While gasoline prices at service station pumps have dropped markedly in recent months, food prices remain much higher than normal in the world’s biggest economy. But overall, the inflation rate has dropped from the four-decade high in mid-2022, while remaining well above the 2.1% average rate in the three years before the coronavirus pandemic significantly affected the American economy starting in March 2020.
On a month-to-month basis, consumer prices also eased, increasing a tenth of a percentage point in November over October, down from the 0.3% figure in October and 0.6% increases in both August and September.
Gasoline, utility, medical care and used-car prices all fell in November.
The latest consumer price report likely leaves policymakers at the country’s central bank, the Federal Reserve, on track Wednesday to increase its benchmark interest rate by a half percentage point, after it had imposed 0.75% increases at four straight meetings to curb the rampant inflation rate.
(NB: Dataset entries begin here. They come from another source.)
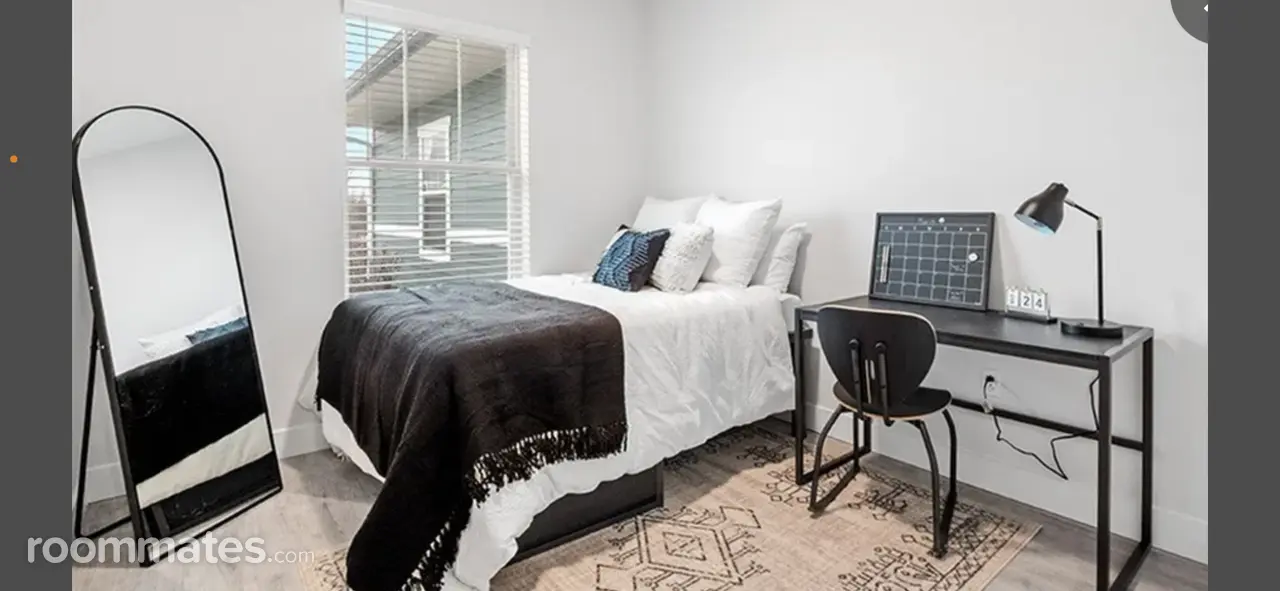 Profile photo 2 of 6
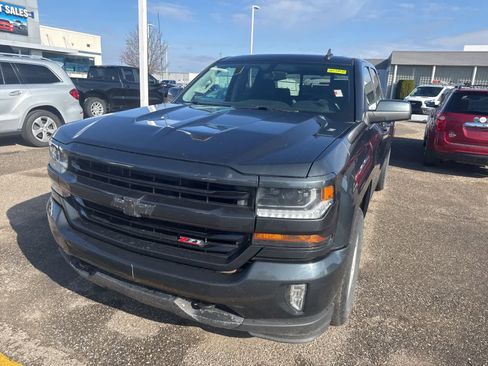 Used 2018 Chevrolet Silverado 1500 LT w/ All Star Edition image 3
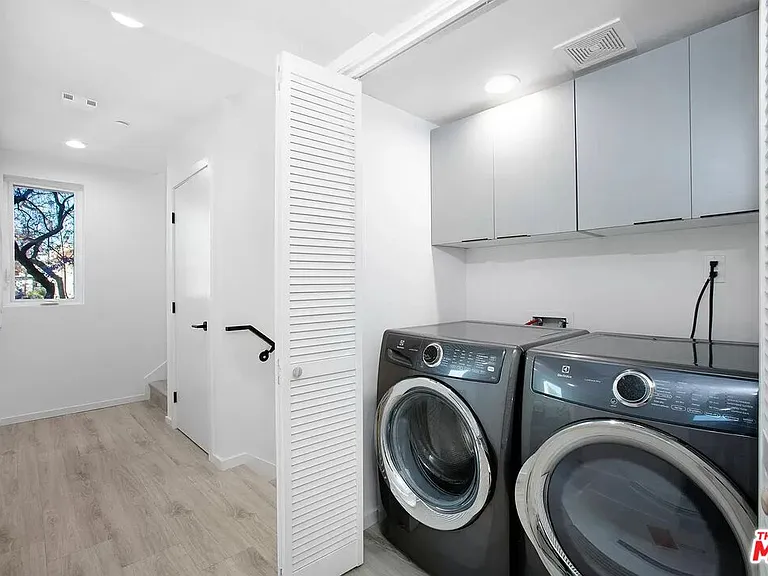 945 N Oxford Ave #6 — Photo 15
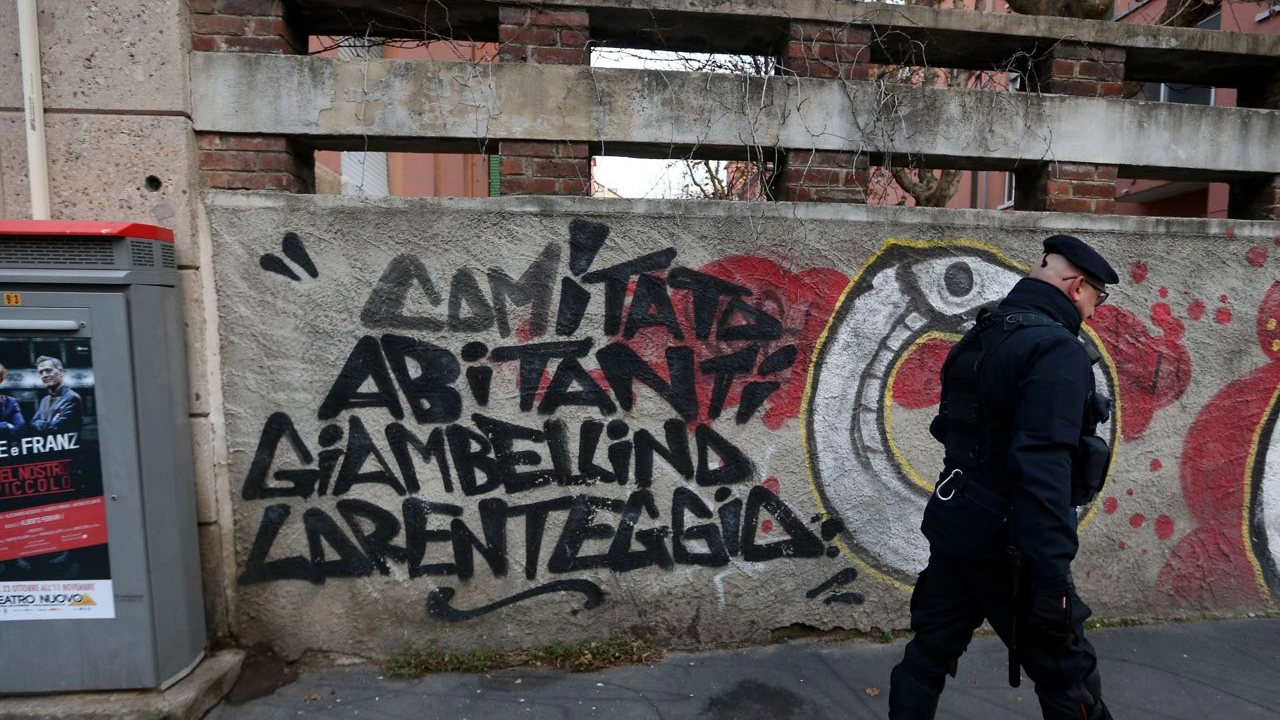 Nel 2018 il blitz dei carabinieri contro il Comitato abitanti Giambellino Lorenteggio con 9 arresti Nel 2018 il blitz dei carabinieri contro il Comitato abitanti Giambellino Lorenteggio con 9 arresti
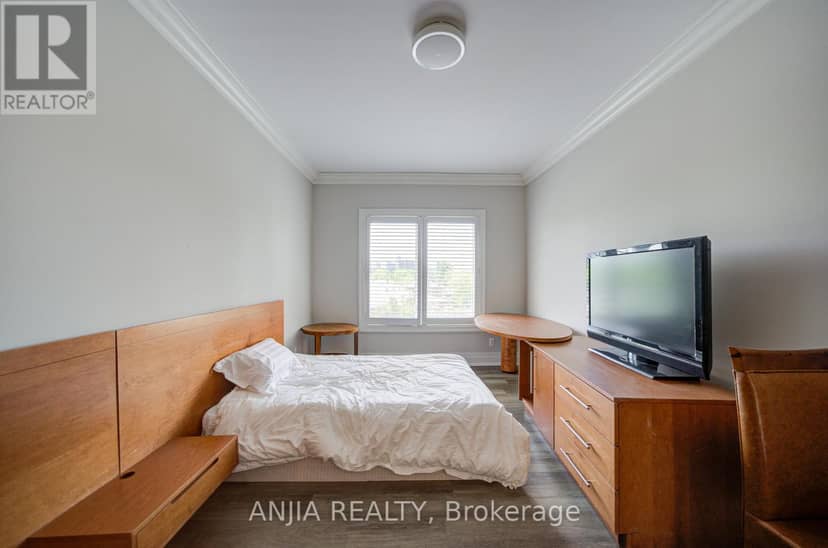 2652 Victoria Park Avenue — photo 37 of 40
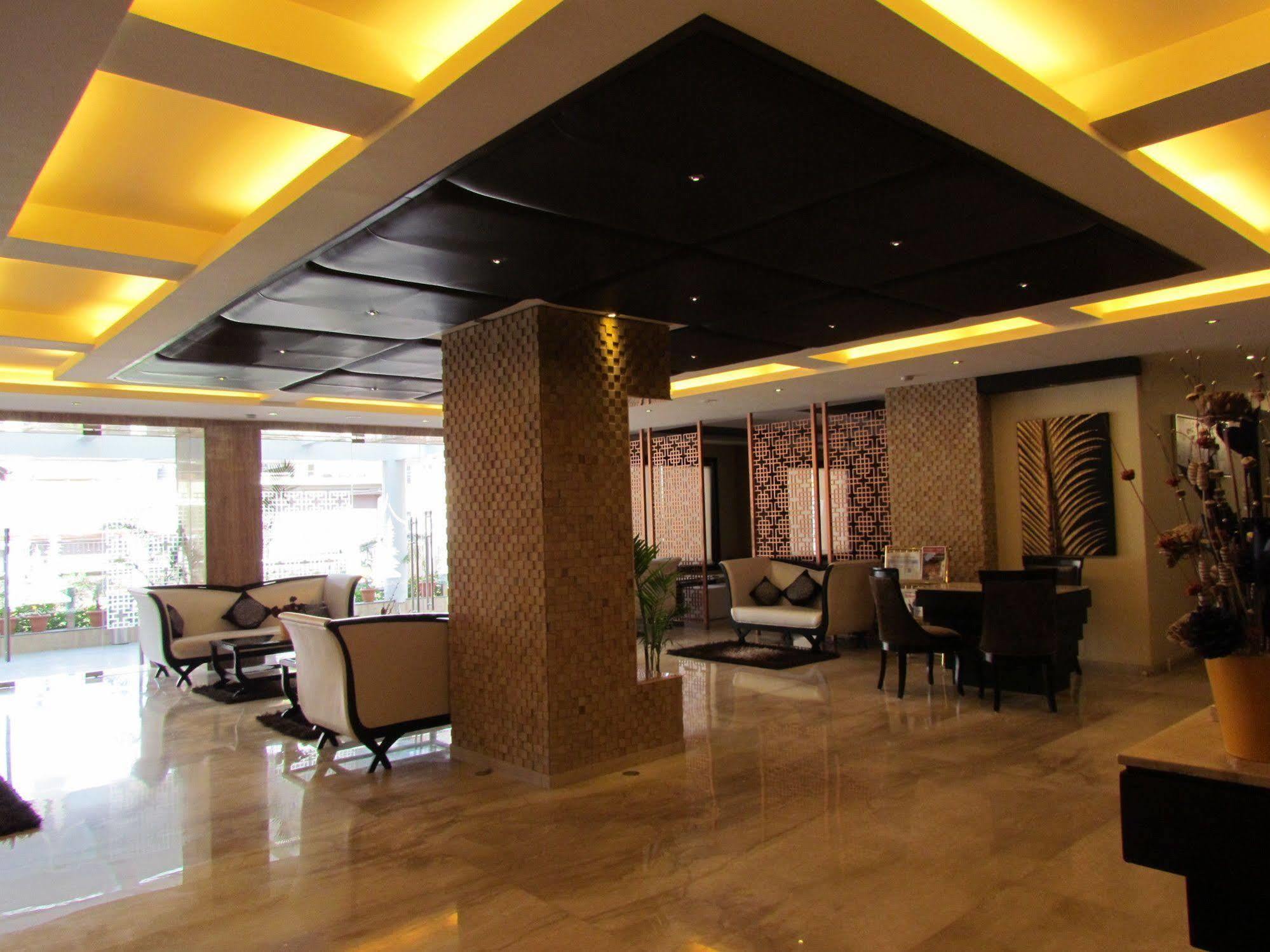 Hotel Pine Spring Wazir Bagh Srīnagar Eksteriør billede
The benchmark rate was near zero earlier this year, and now with Wednesday’s expected increase, would reach 4.25 to 4.5%.
The benchmark rate ripples throughout the U.S. economy, pushing borrowing costs higher for businesses buying supplies and raw products and for consumers getting loans to buy cars, furniture and other consumer goods.
U.S. President Joe Biden took note of the slowing pace of inflation and said he hopes prices will be back to normal by the end of next year.
“I want to be clear, it’s going to take time to get inflation back to normal levels,” he said at the White House. “As we make the transition to a more stable growth, we could see setbacks along the way, as well. We shouldn’t take anything for granted.”
Biden said his goal was to get price increases under control without stunting economic growth. Even with millions of families struggling to make ends meet, the U.S. continues to add hundreds of thousands of new jobs to corporate payrolls every month, and the U.S. jobless rate remains near a five-decade low.